TRY IT :: Output the listing exactly, without its pictures.

EXTRACTED INFORMATION ::
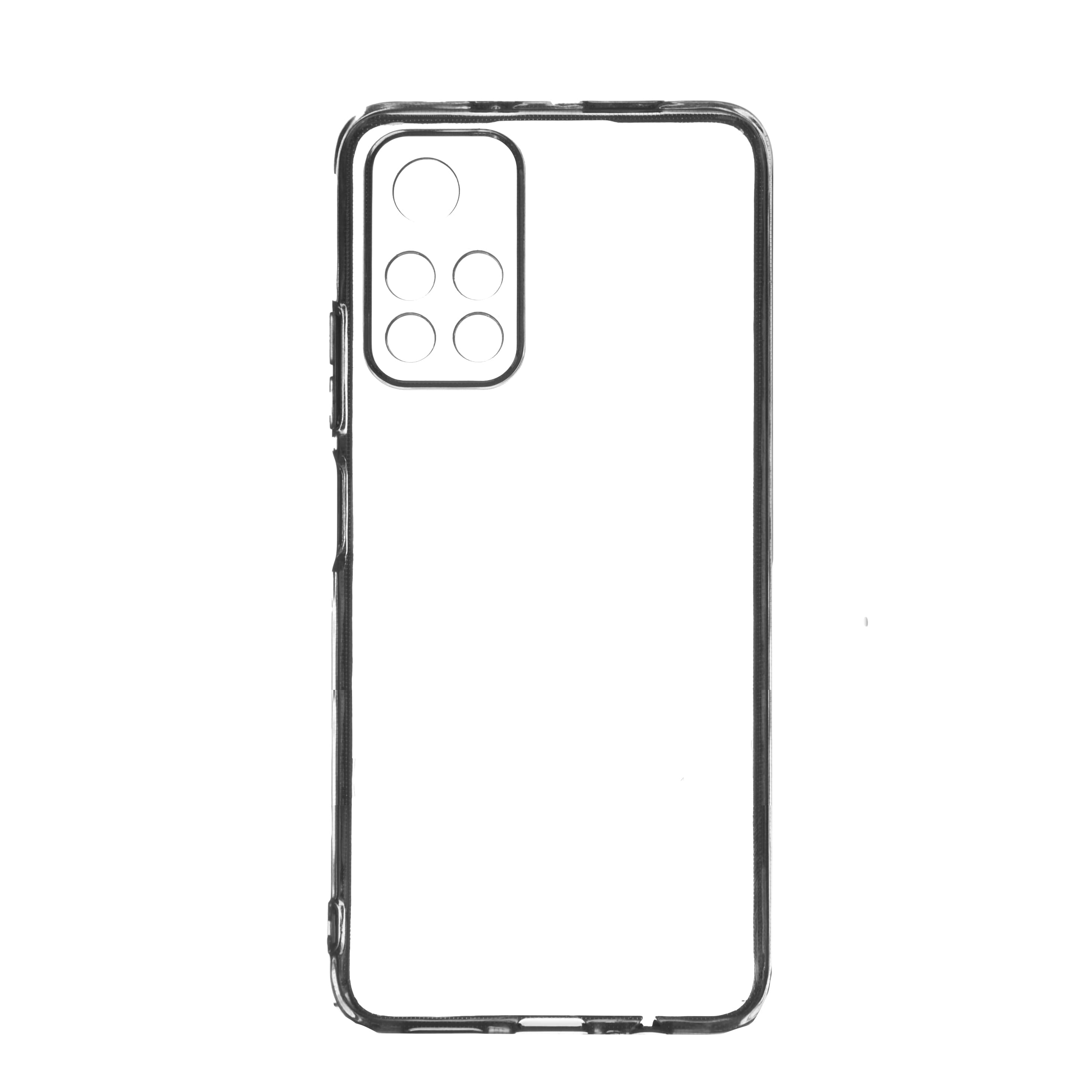 TPU CLEAR SOLID for Redmi Note 11T 5G/Poco M4 Pro 5G/Redmi Note 11 China
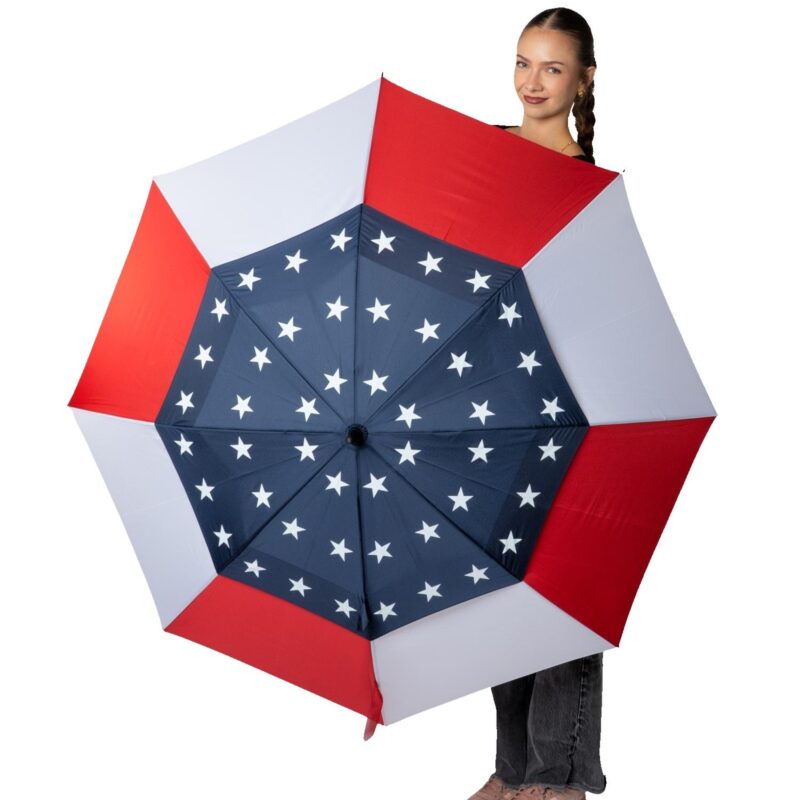 Custom The Americana Golf Umbrella - 2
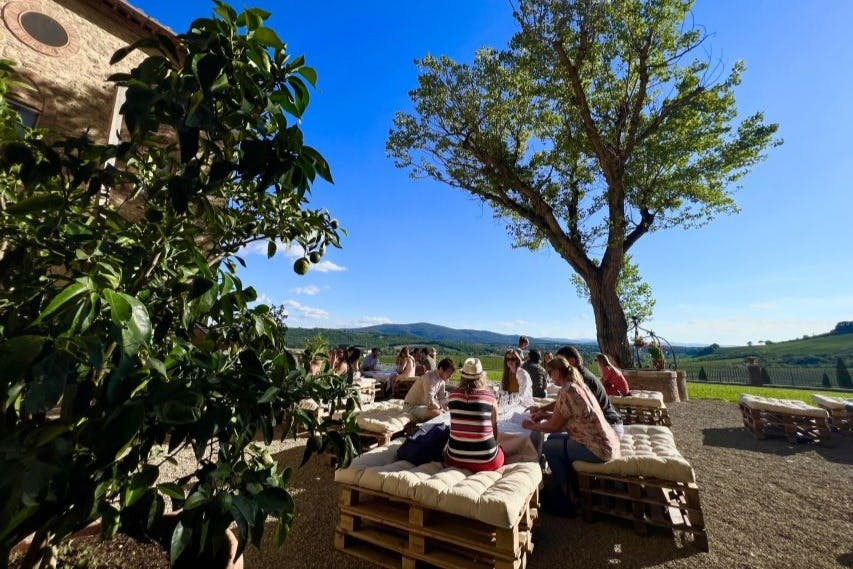 Chianti: Day Trip from Florence + Wine Tour & Tasting - Photo 1 of 5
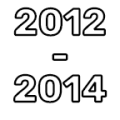 2012 - 2014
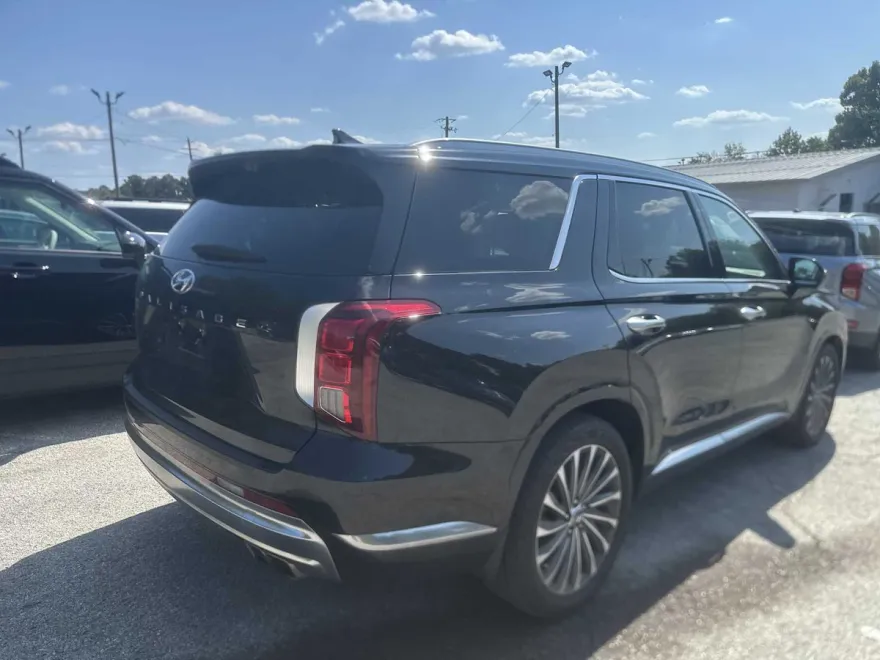 2024 Hyundai Palisade Calligraphy photo 1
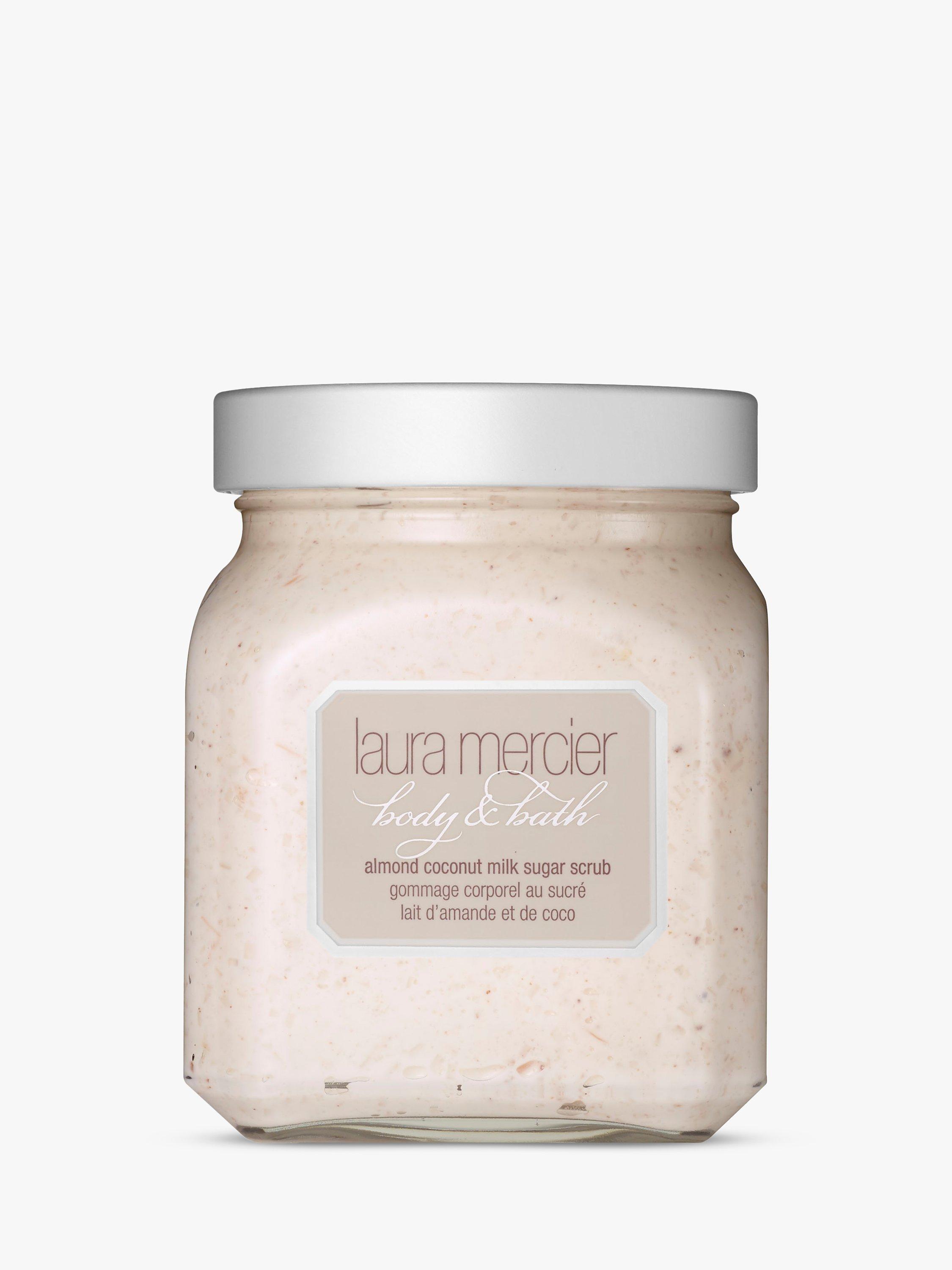 Laura Mercier Almond Coconut Milk Scrub, 300g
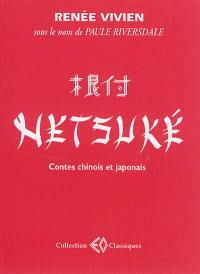 Netsuké : contes chinois et japonais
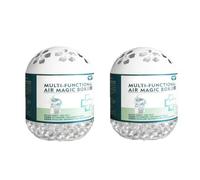 Dust Removal Box, 2 Multifunctional Air Box, Indoor Air Purification Dust Removal Boxes, For Home, Office, Bedroom, Pet Areas (240ml)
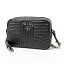 PRADA プラダ 1BH083 2D91 F0002 SOFT CALF IMPUNTU キルティングレザー ショルダーバッグ チェーン ポシェット カラーNERO レディース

RESPONSE AREA ::
 TPU CLEAR SOLID for Redmi Note 11T 5G/Poco M4 Pro 5G/Redmi Note 11 China
 Custom The Americana Golf Umbrella - 2
 Chianti: Day Trip from Florence + Wine Tour & Tasting - Photo 1 of 5
 2012 - 2014
 2024 Hyundai Palisade Calligraphy photo 1
 Laura Mercier Almond Coconut Milk Scrub, 300g
 Netsuké : contes chinois et japonais
 Dust Removal Box, 2 Multifunctional Air Box, Indoor Air Purification Dust Removal Boxes, For Home, Office, Bedroom, Pet Areas (240ml)
 PRADA プラダ 1BH083 2D91 F0002 SOFT CALF IMPUNTU キルティングレザー ショルダーバッグ チェーン ポシェット カラーNERO レディース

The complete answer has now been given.